Acinetobacter baumannii can cause serious infection in susceptible patients, but little has been published regarding risk factors for infection and outcomes in solid organ transplant (SOT) recipients. We identified A. baumannii infection among adult SOT recipients that occurred between January 2001 and March 31, 2008 at a Chicago transplant center and evaluated characteristics of these infections and outcomes. Thirty-three individuals developed A. baumannii infection during the study period. Seventy-nine percent had healthcare-associated infection with respiratory tract as the most common site of infection (64%). Eighty-two percent of patients had received antibiotics within two wk prior to A. baumannii infection and multidrug resistance (MDR) or extensive resistance (XDR) occurred in 85%. The median time to onset of infection was five months after transplant.

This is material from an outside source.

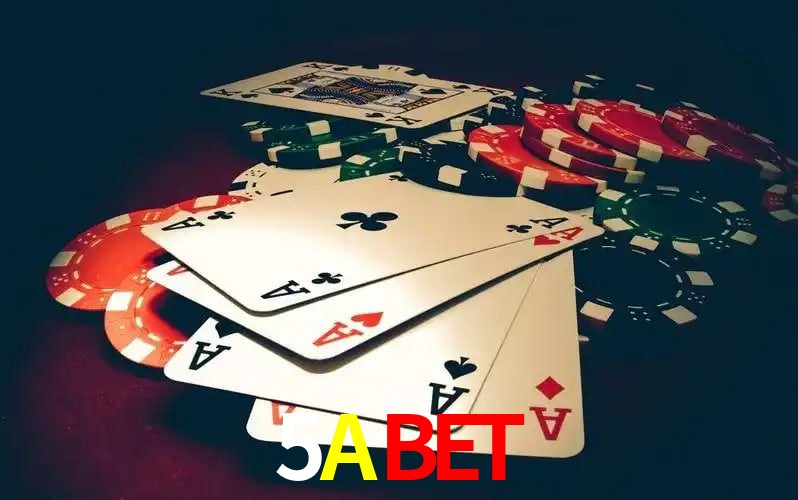 Desvendando o Mundo dos Jogos Virtuais na 5ABET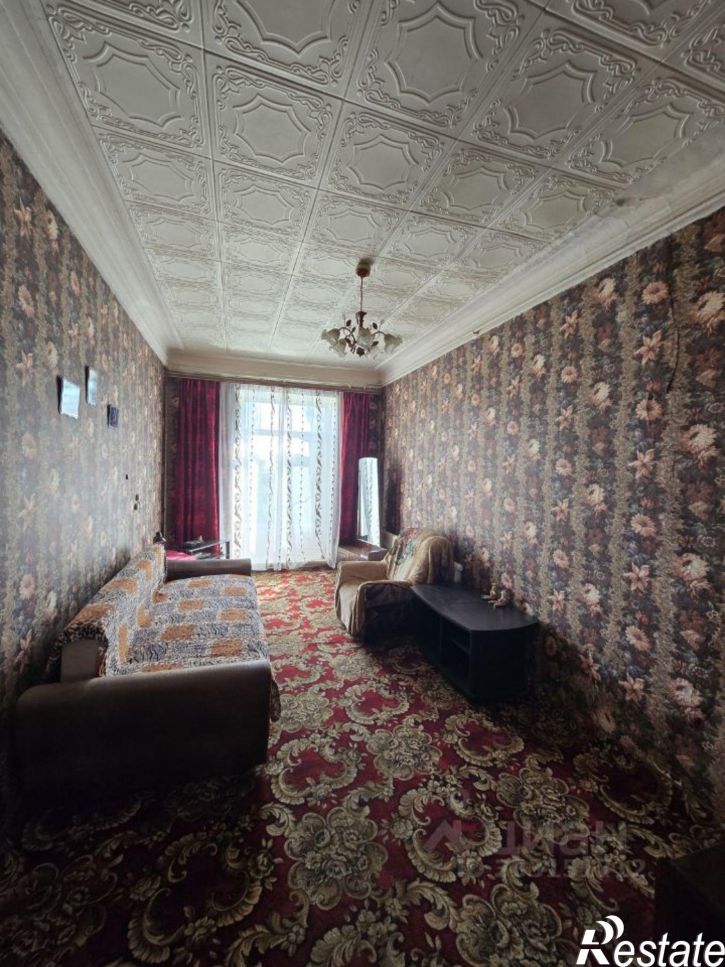 2-комн квартира ул Дзержинского, 7,  д. 7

The 30-d mortality was 24% and was associated with XDR. Administration of an appropriate antibiotic within three d was associated with lower 30-d mortality (OR 0.16, p = 0.047). All isolates tested against colistin were susceptible. SOT recipients with A. baumannii infection had high mortality associated with delay in appropriate antibiotic therapy and XDR organisms. The use of colistin-containing treatment regimens should be considered in these patients when A. baumannii infection is suspected or identified in patients who have received prior antibiotics.